Roast Spices eexcept nutmeg separately in a small heavy based frying pan. As each batch begins to give out a fragrant aroma, remove from pan & leave to cool. Combine in blender/spicegrinder/mortar&pestle and grind to a fine powder. Then add grated nutmeg. Store in an airtight jar in a cool dry, dark place.
The smell in the kitchen when you do this is divine. it is a little work and you need to go and get all those spices, but it makes quite a bit, so will last you a while as you only need small amounts for cooking.

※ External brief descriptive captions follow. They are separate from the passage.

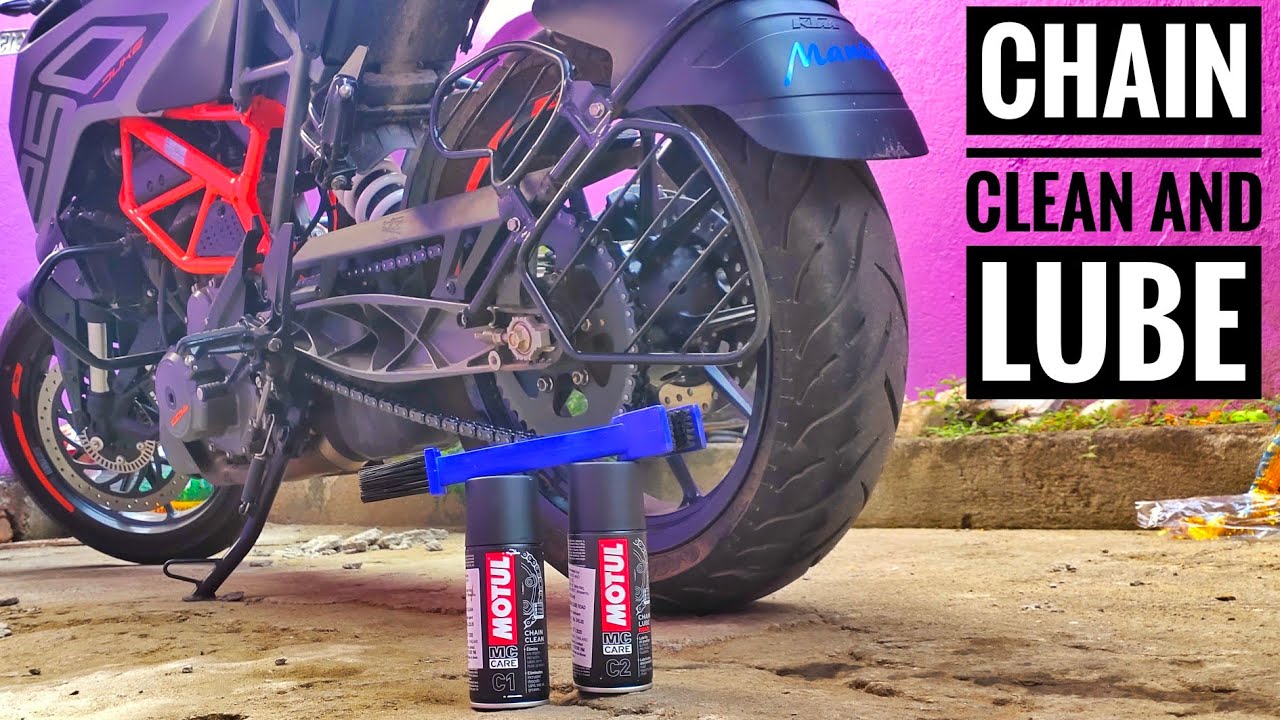 HOW TO CLEAN CHAIN AND LUBE OF YOUR BIKEKTM DUKE 250 BS6 YouTube
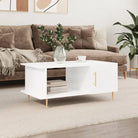 Salontafel met hoogglans wit afwerking en ijzeren poten van bewerkt hout - Hoogglans wit / 1 - Salontafels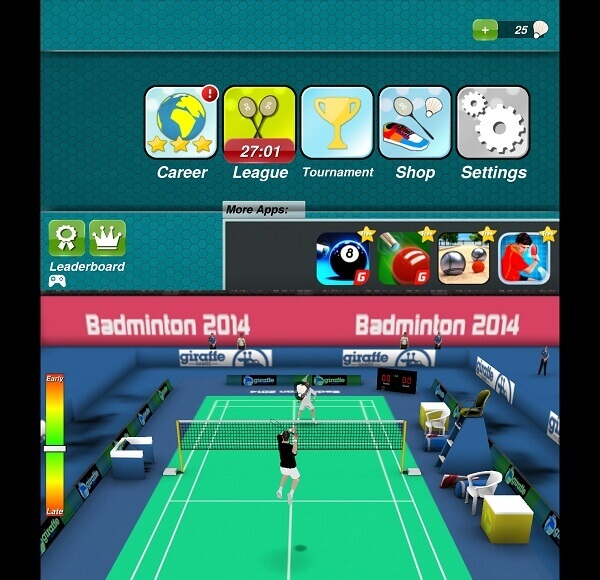 Badminton 3D-Spiel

The Kalonji seeds were the only ones that were a little harder to find. But most Asian grocers would have them.
2 Tbsp ghee
1 1/2 cups finely chopped onion
3 teasp finely chopped garlic
3 teasp finely grated ginger
1 Tbsp ground coriander
1 teasp ground cummin
1 teasp ground turmeric
1 teasp chilli powder
1 teasp salt to taste
1 1/2 teasp Garam Masala (I use the Kashmiri one)

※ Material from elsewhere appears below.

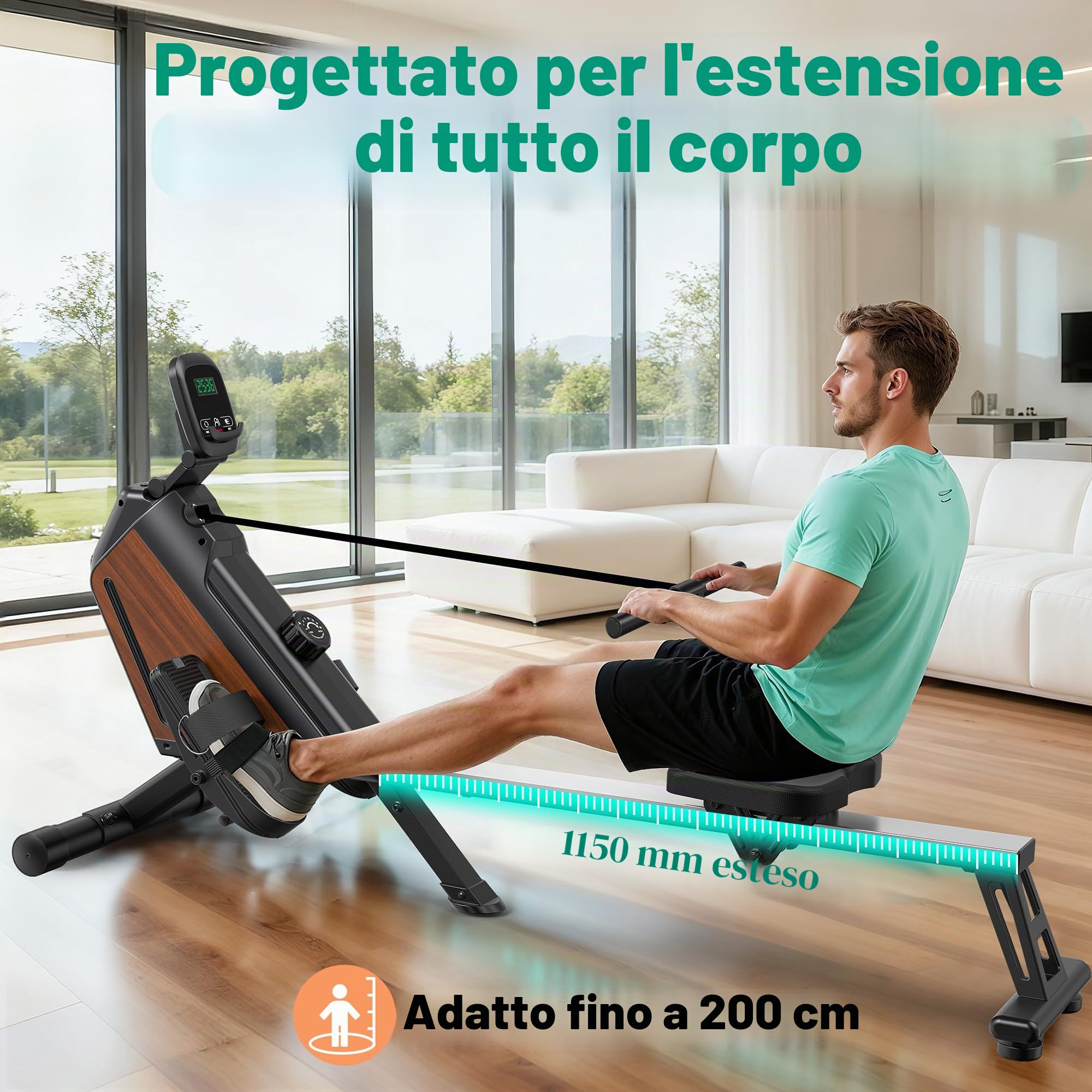 Vogatore per casa, vogatore magnetico, resistenza a 16 livelli, silenzioso, per allenamento cardio, connessione app, portata 160 kg, verticale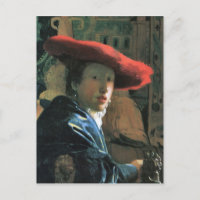 Mädchen mit rotem Hut von Johannes Vermeer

1/2 cup finely chopped coriander
3 cups cooked, drained, finely chopped Spinach
Fry onion, garlic & ginger in ghee until just getting some colour (don't burn the garlic!). Add ground spices & stir for a minute, then add salt & 1 teasp Garam Masala. Add spinach. Cover and simmer for 10-15 minutes. When soft, blend to a puree, Sprinkle with Garam Masala & Coriander.
I love this with lamb. but you could also use chicken. Fry the meat or poultry in a pan to seal, then add to the sauce and simmer until tender.